In [43]:
import pandas as pd
from sklearn.model_selection import GroupKFold, StratifiedKFold
from sklearn.metrics import roc_auc_score

Quickly test two KFold methods offered in SKlearn. 

* `StratifiedKFold`: make sure in each split, the train and test set each has the same distrution in terms of the target.  
* `GroupKFold`: make sure the grouped data points and kept together. 

In [49]:
df = pd.DataFrame({
    "group": ['x','x','x','y','y','y','y','z','z'],
    "category": ['a','a','a','a','a','b','b','b','b'],
    "Prob": [0.1, 0.3, 0.5, 0.7, 0.9, 0.2, 0.4, 0.3, 0.2],
    "target": [0, 0, 0, 1, 0, 1, 0, 0, 1]
    })
X = df.drop('target', axis=1)
y = df['target']

## StratifiedKFold

Maintain the distribution of the target.

In [50]:
skf = StratifiedKFold(n_splits = 3, shuffle = True, random_state = 42)

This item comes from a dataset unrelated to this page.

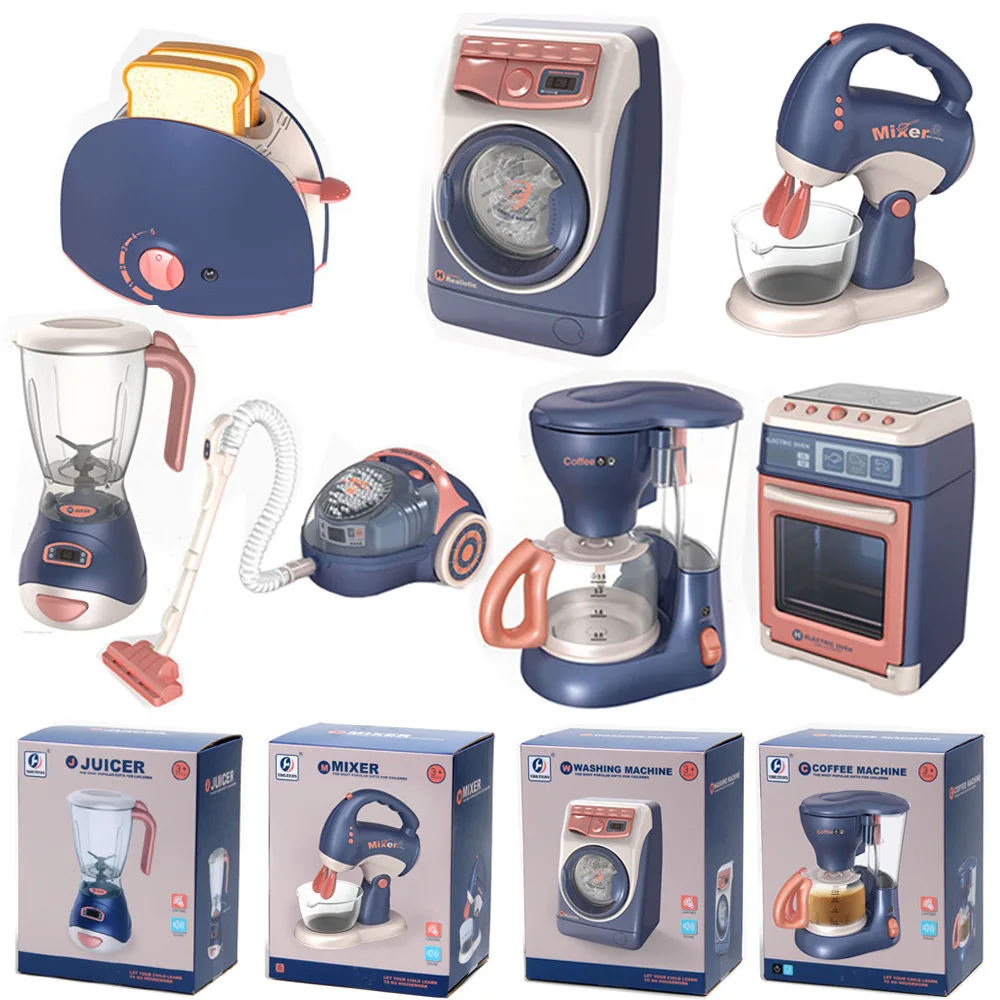 

Kitchen Kids Play House Simulation Electric Life Household Appliances with Light Sound Bread Maker Oven Coffee Machine Girl Toys
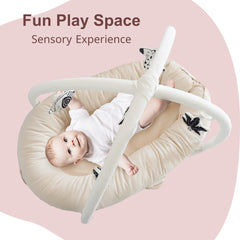 CooCooBaby cream-white cotton fabric provides breathable softness for sensitive baby skin.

for i, (train_index, test_index) in enumerate(skf.split(X, y)):
    X_train, y_train = X.iloc[train_index], y.iloc[train_index]
    X_test, y_test = X.iloc[test_index], y.iloc[test_index]

    print(f"fold {i+1}:")
    print("train target", y_train.tolist())
    print("test target", y_test.tolist()) 

fold 1:
train target [0, 1, 0, 1, 0, 0]
test target [0, 0, 1]
fold 2:
train target [0, 0, 0, 1, 0, 1]
test target [1, 0, 0]
fold 3:
train target [0, 0, 1, 0, 0, 1]
test target [0, 1, 0]


## GroupKFold

Keep group members unseparated which is useful in quite some scenarios. For example,

- **Preserving Temporal Order**: In time series data, the order of observations often carries valuable information. For example, in financial data, stock prices today are influenced by stock prices from previous days. GroupKFold ensures that each fold respects the temporal order by grouping consecutive time periods (e.g., days, weeks, months) together in the same fold.
- **Preventing Data Leakage** : When performing cross-validation on time series data, it's crucial to avoid data leakage. Data leakage occurs when information from the future (in the test set) influences the past (in the training set), leading to overly optimistic performance estimates. GroupKFold helps prevent data leakage by maintaining the integrity of time-based groups.
- **Panel Data**: Panel data, also known as longitudinal data, involves repeated observations over multiple time periods for multiple entities (e.g., individuals, companies). GroupKFold can help ensure that observations from the same entity are grouped together in the same fold, which can be important when evaluating models on this type of data.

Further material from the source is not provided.